(Exercise description):
Whatever pictures appear, omit them, and repeat the data below exactly.

(Data block):
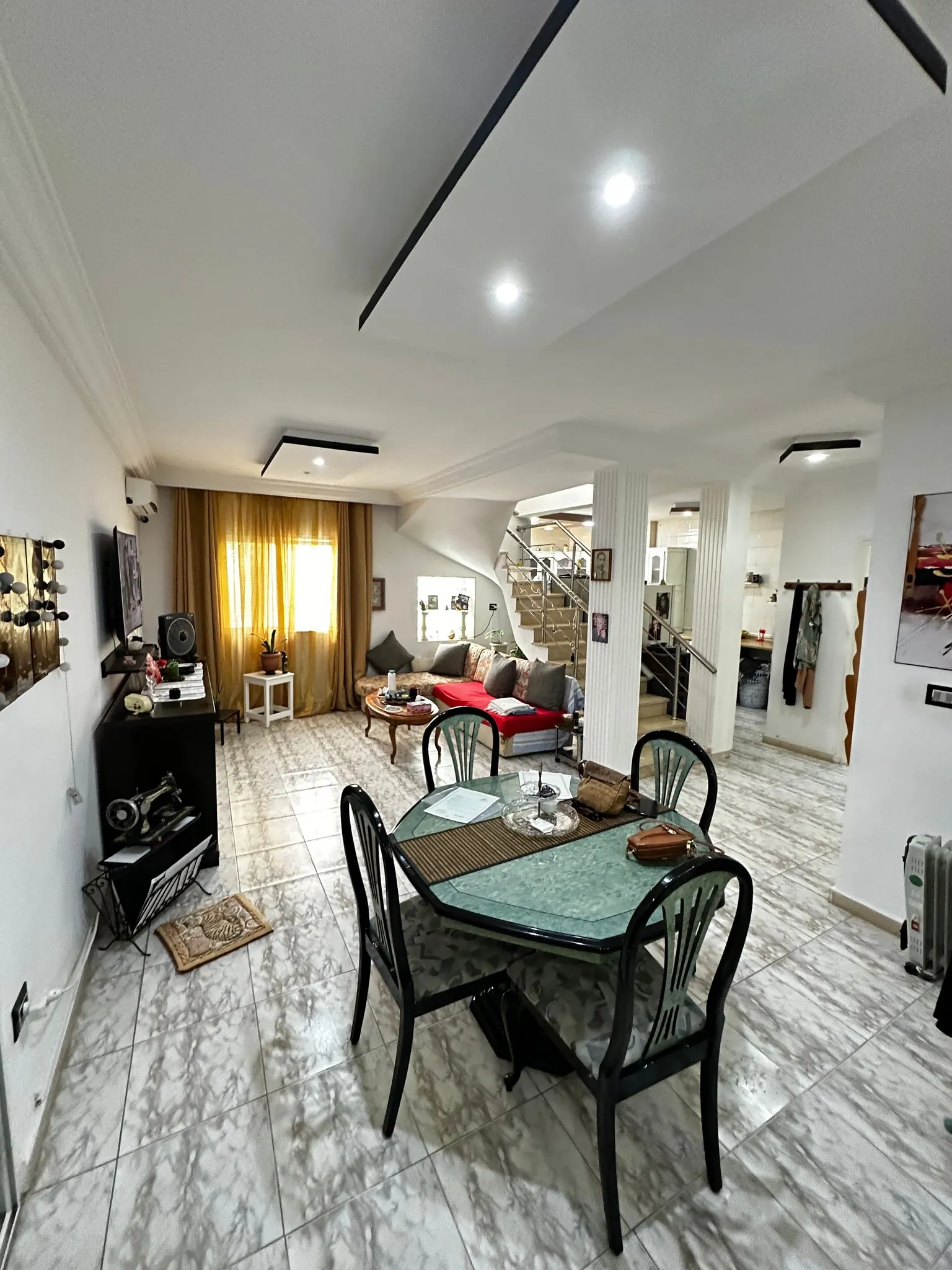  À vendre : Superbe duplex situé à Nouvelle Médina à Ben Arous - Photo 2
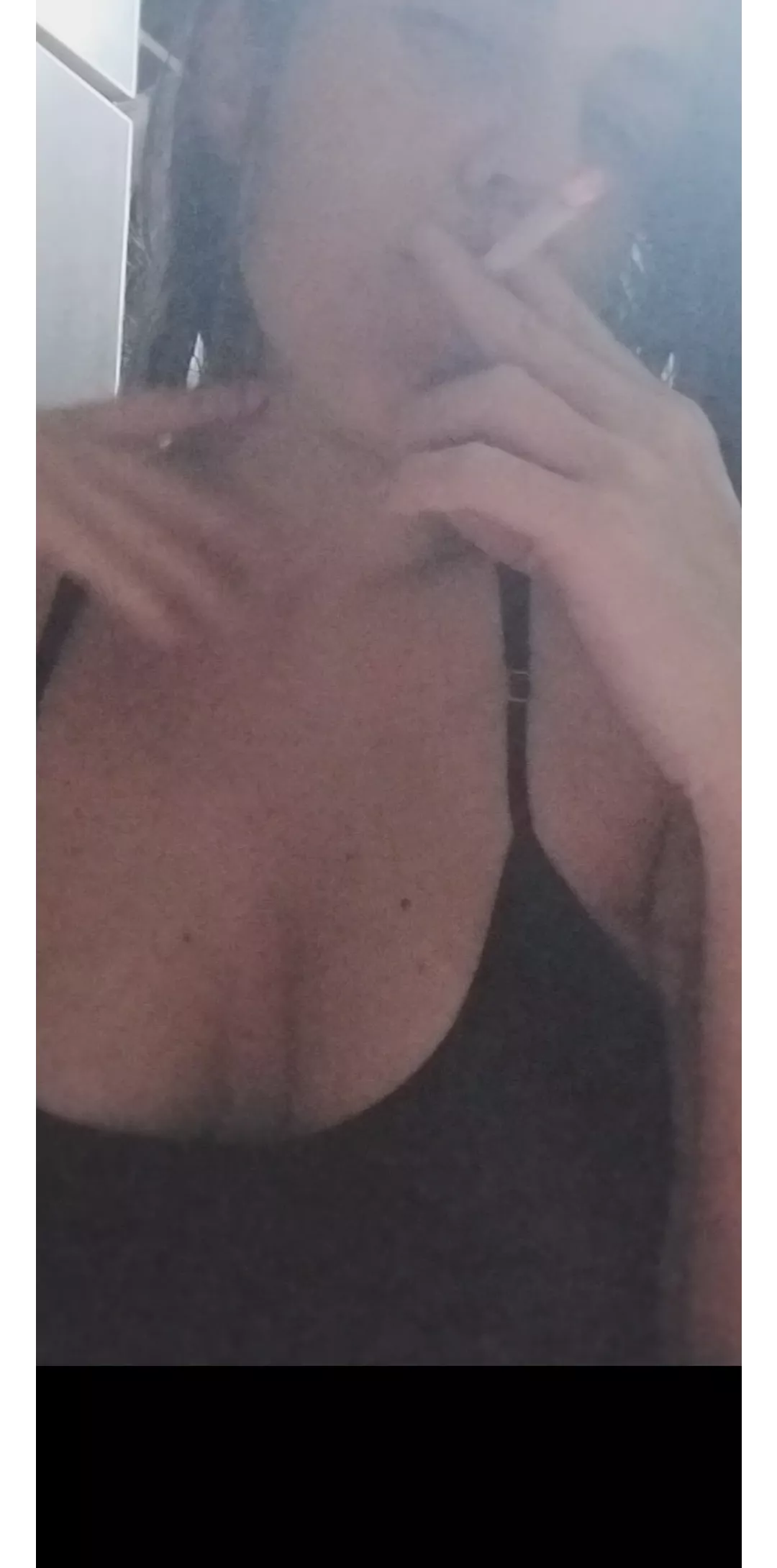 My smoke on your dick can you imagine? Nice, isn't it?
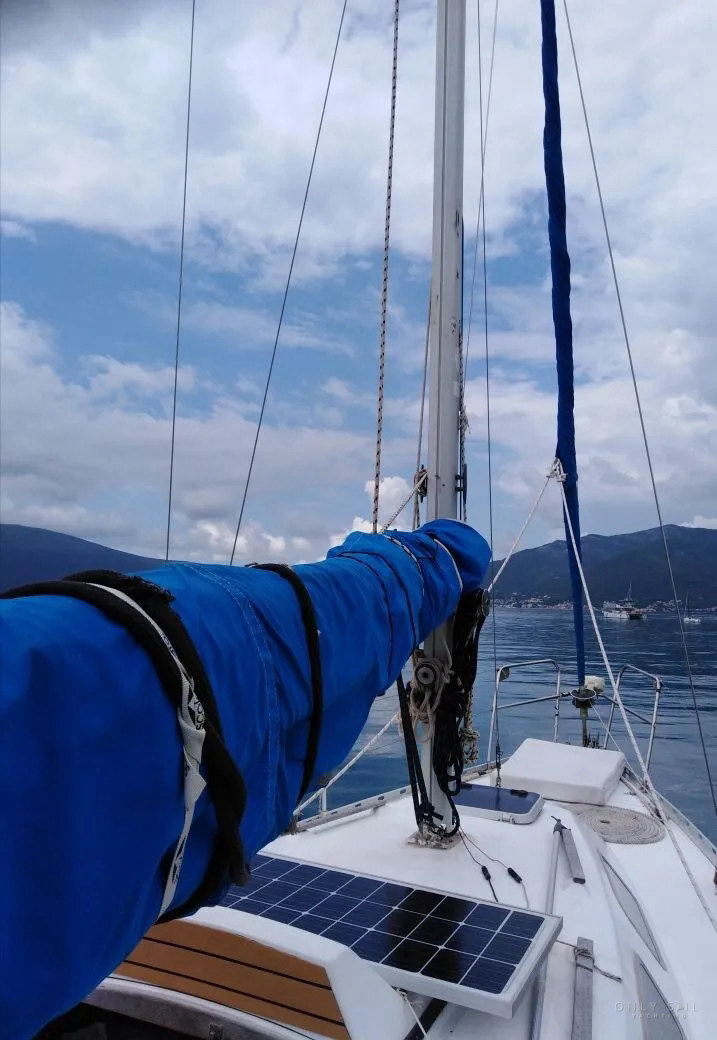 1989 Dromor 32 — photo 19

(Solution below):
  À vendre : Superbe duplex situé à Nouvelle Médina à Ben Arous - Photo 2
 My smoke on your dick can you imagine? Nice, isn't it?
 1989 Dromor 32 — photo 19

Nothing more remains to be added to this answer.